In Mendix how long is a String?
This is the second in my series of blogs about efficiency in Mendix apps. In the first of the series (Health and Efficiency in Mendix), I highlighted some of the simple ways that you might improve the efficiency of your low-code. Now I’ll try to tackle something tougher.
Twice in the last five years, I have had to deal with requirements that essentially said: go through all this data and build a text file from it.
The first was to produce a tab-separated text file representing a set of data in the Mendix app. The second required the creation of a Typescript file from a set of data that had been built in the app. Both of these needed to support the creation of very long text files as the sets of data could be pretty big.
Nowadays there are great modules in the Marketplace (for example the CSV Module) that can help with CSV/TSV file production, but more arbitrary text output needs an alternate solution.
To gather statistics for comparison I’m using an app created in Mendix 9.15.1, deployed on a Medium size environment (max 2 CPUs, max 2GB memory, Postgres database) running in an AWS EKS Private Mendix Cloud which includes Grafana monitoring.
Each exercise is run five times. Before each set of five exercises is run the app is stopped and started to minimize possible caching influences on the results. The best and worse results are discarded and the other three are averaged. The exercises are not necessarily run in the order presented here.
The app used is available on GitHub here.
The Starting Point
We have a list of Mendix objects and we have a microflow that will generate the text we want from one of those objects. To keep things simple I’ll just work with a single data entity though in a real scenario there could be large trees of objects involved. OutputDocument is the FileDocument specialization that receives the results of the string generation process.

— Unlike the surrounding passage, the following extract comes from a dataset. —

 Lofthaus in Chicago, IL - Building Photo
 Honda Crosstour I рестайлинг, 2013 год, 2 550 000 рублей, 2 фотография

To produce the output file, we pull the data records out in batches of 2,500 records, pass over the list of objects, and append the text generated for each to a collection string that grows in size. When the list is exhausted the string we have accumulated is written to an OutputDocument. The created OutputDocument also records the algorithm used, the number of records processed, the time it took to run the test, and the hash of the generated file. The hash is generated and saved so that we can confirm that all the methods used to generate identical output are from the same source data.
So let’s run this.
I prime the database with 25,000 records with ‘random’ text strings of 500 characters each and random integer values and then run the microflow above.
That gives us an average of 78.81 seconds to build the string and save it into the FileDocument. Now let’s double the data size to 50,000 records and rerun the microflow. I suppose we might expect it to take something under 200 seconds. We should at least assume that now the batched retrieves will be slower as the volume of records has increased although we have an index on the Key.
Oh wow! So that was an average of 334.05 seconds. I won’t try a really large set of data unless I have a film or two to watch while it runs…
So why should a doubling of the volume of the data result in a four-fold increase in elapsed time?
Well, we can’t be completely certain without using profiling tools, but we can make an intelligent guess as to the main culprit.
The Change Variable action appends the string that is returned from the GetEntityToString sub-microflow to the previous results already stored in the Output variable. Except it doesn’t do that exactly. In Mendix a string is immutable so in order to create the new value for the Output variable, Mendix has to create a new string consisting of a copy of the original Output appended with a copy of EntityOutput, and save that new string in place of the previous Output value, which is discarded.
As the value in Output gets longer, the amount of text copying increases, and the process becomes more and more time and resource-hungry.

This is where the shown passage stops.